*** Begin section ***

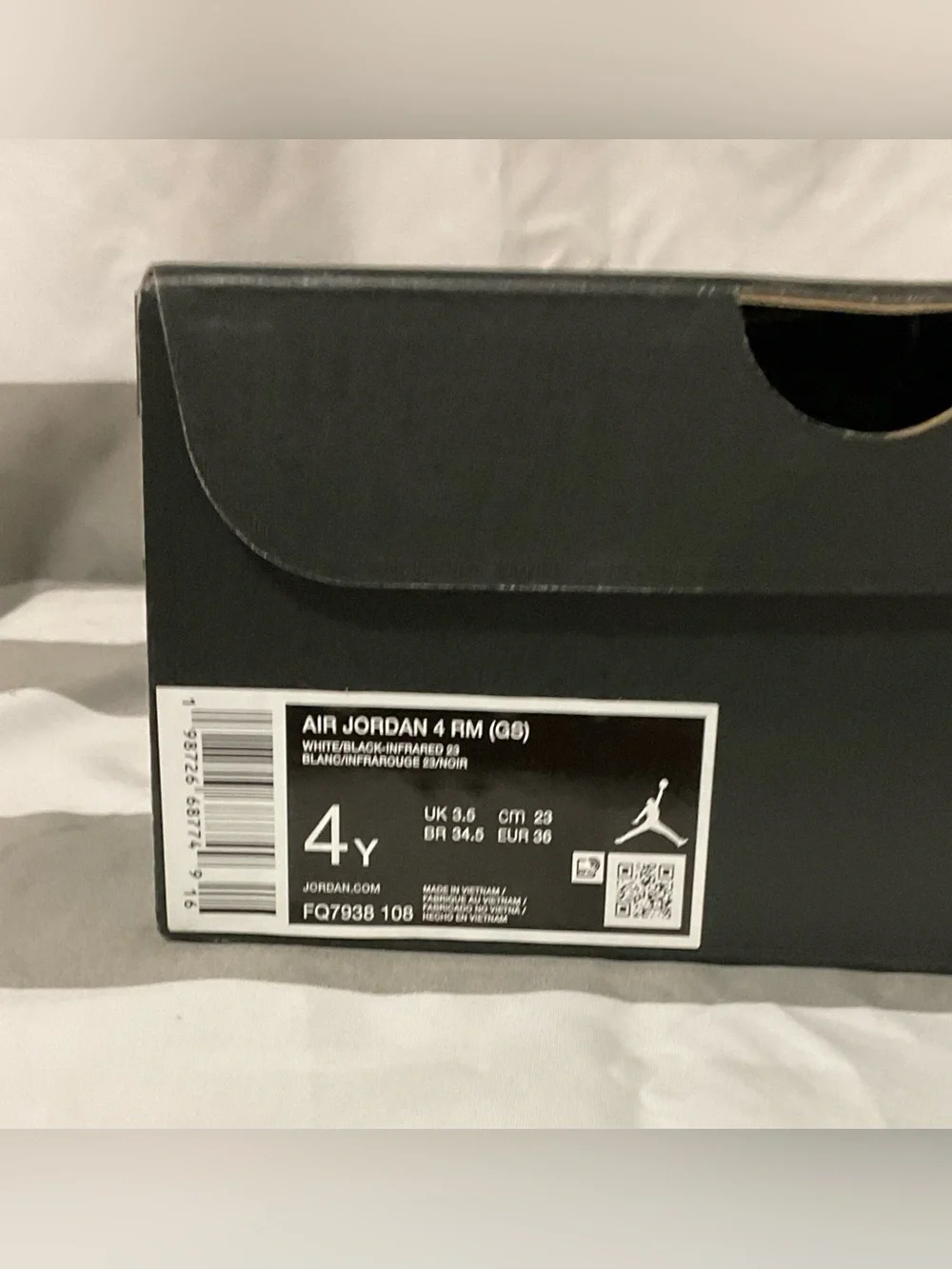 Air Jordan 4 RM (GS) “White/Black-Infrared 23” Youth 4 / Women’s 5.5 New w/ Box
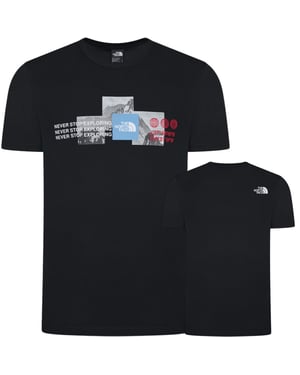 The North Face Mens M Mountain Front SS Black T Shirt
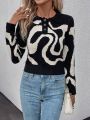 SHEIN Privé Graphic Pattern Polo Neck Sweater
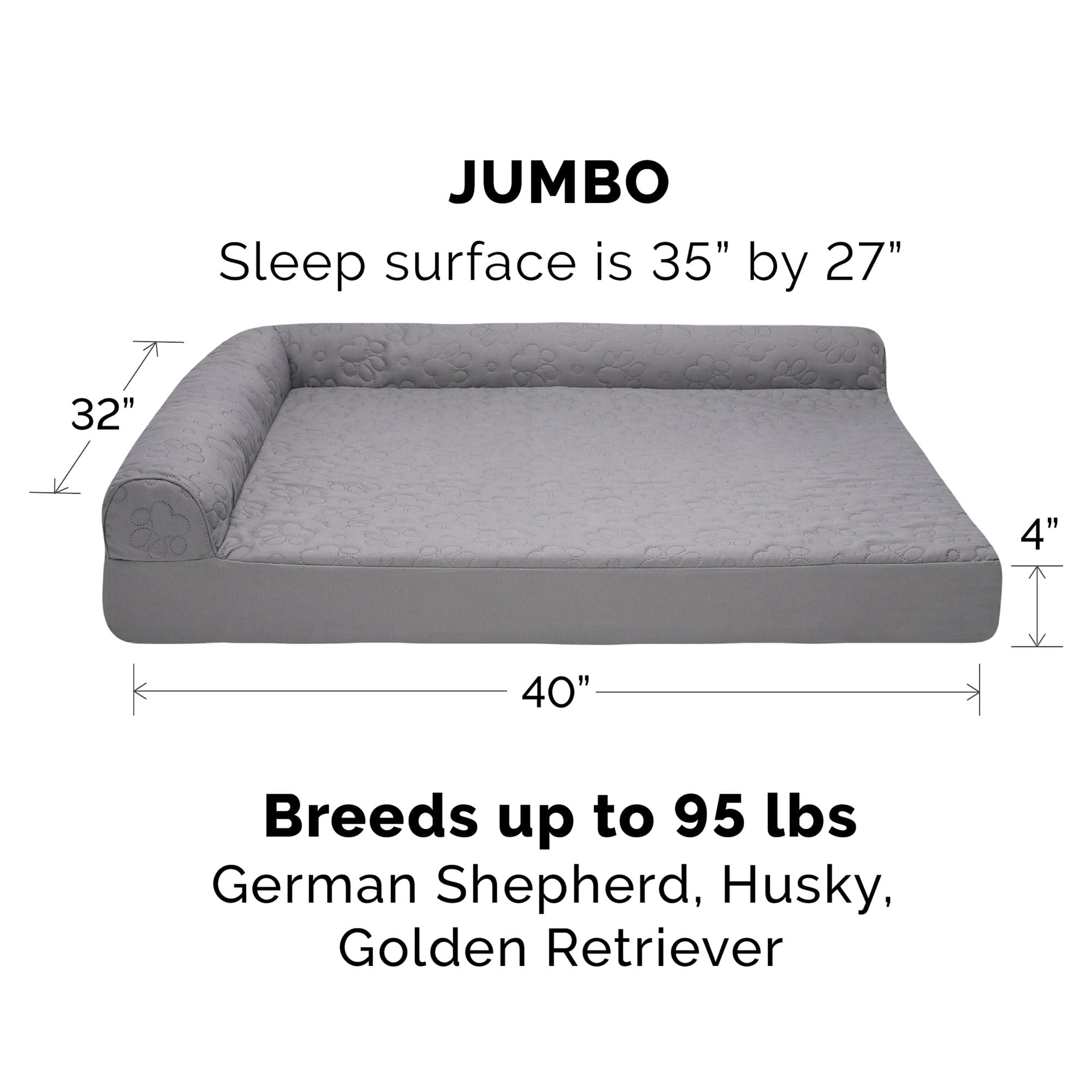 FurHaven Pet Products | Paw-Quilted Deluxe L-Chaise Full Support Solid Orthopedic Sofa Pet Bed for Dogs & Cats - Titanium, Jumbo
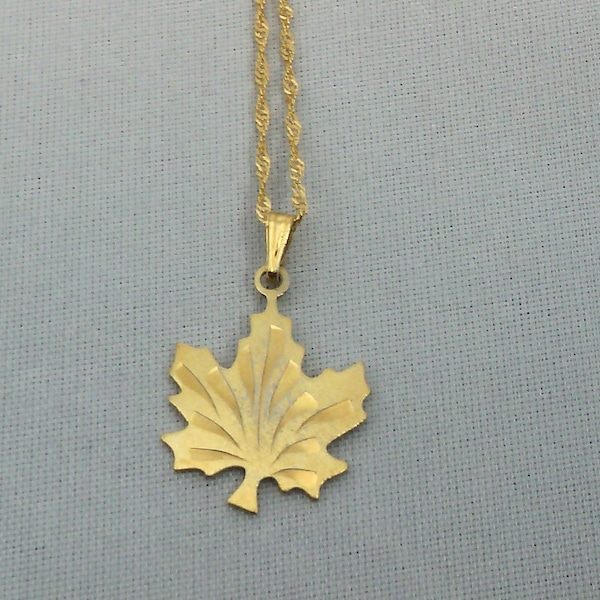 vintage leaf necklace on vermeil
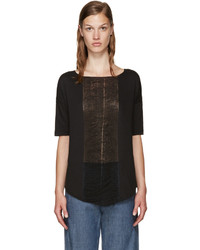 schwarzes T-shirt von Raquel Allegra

*** End section ***
*** Begin section ***

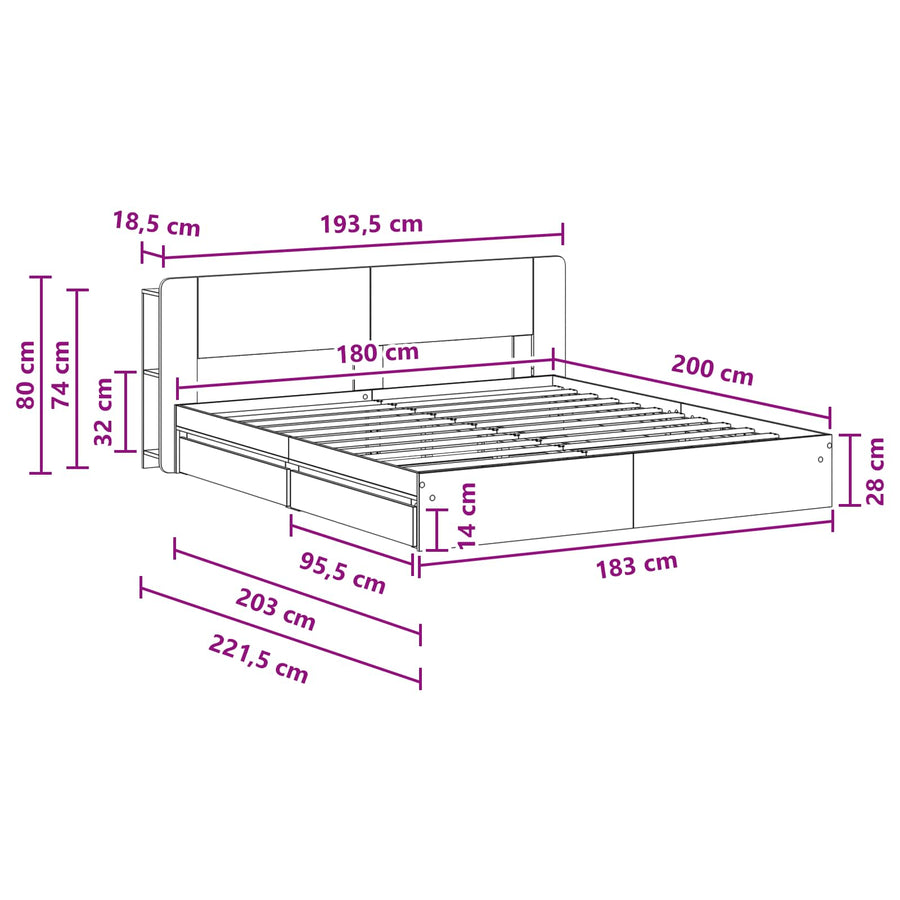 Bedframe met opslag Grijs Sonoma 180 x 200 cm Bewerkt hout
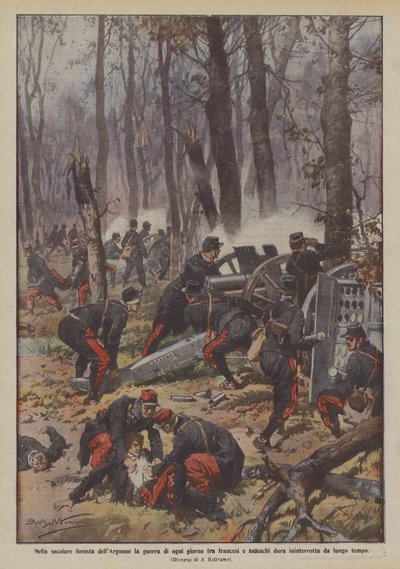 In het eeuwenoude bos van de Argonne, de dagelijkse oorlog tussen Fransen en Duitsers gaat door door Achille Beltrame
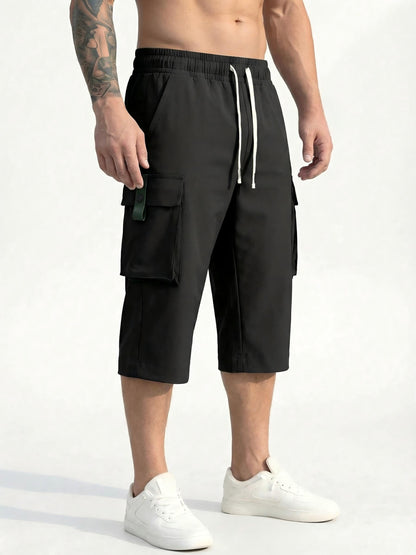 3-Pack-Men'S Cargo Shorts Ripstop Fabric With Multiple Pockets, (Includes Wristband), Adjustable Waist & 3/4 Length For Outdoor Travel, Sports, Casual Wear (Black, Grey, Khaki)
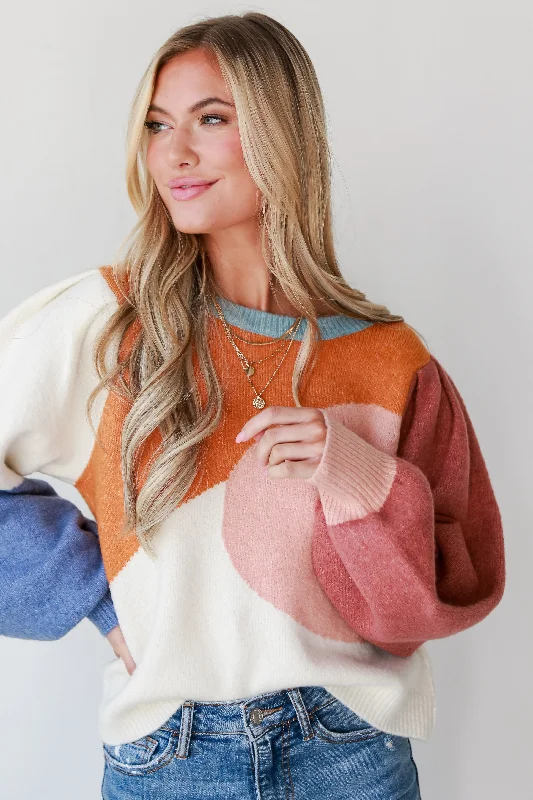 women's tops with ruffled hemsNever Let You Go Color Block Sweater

*** End section ***

* _INSTRUCTIONS FOR THE TASK_
The reply should hold the entries above from the line with "SHEIN Privé Graphic" to the line with "schwarzes T-shirt von Raquel Allegra", duplicated exactly, pictures excluded.

* _OUTPUT FOR THIS EXERCISE_
 SHEIN Privé Graphic Pattern Polo Neck Sweater
 FurHaven Pet Products | Paw-Quilted Deluxe L-Chaise Full Support Solid Orthopedic Sofa Pet Bed for Dogs & Cats - Titanium, Jumbo
 vintage leaf necklace on vermeil
 schwarzes T-shirt von Raquel Allegra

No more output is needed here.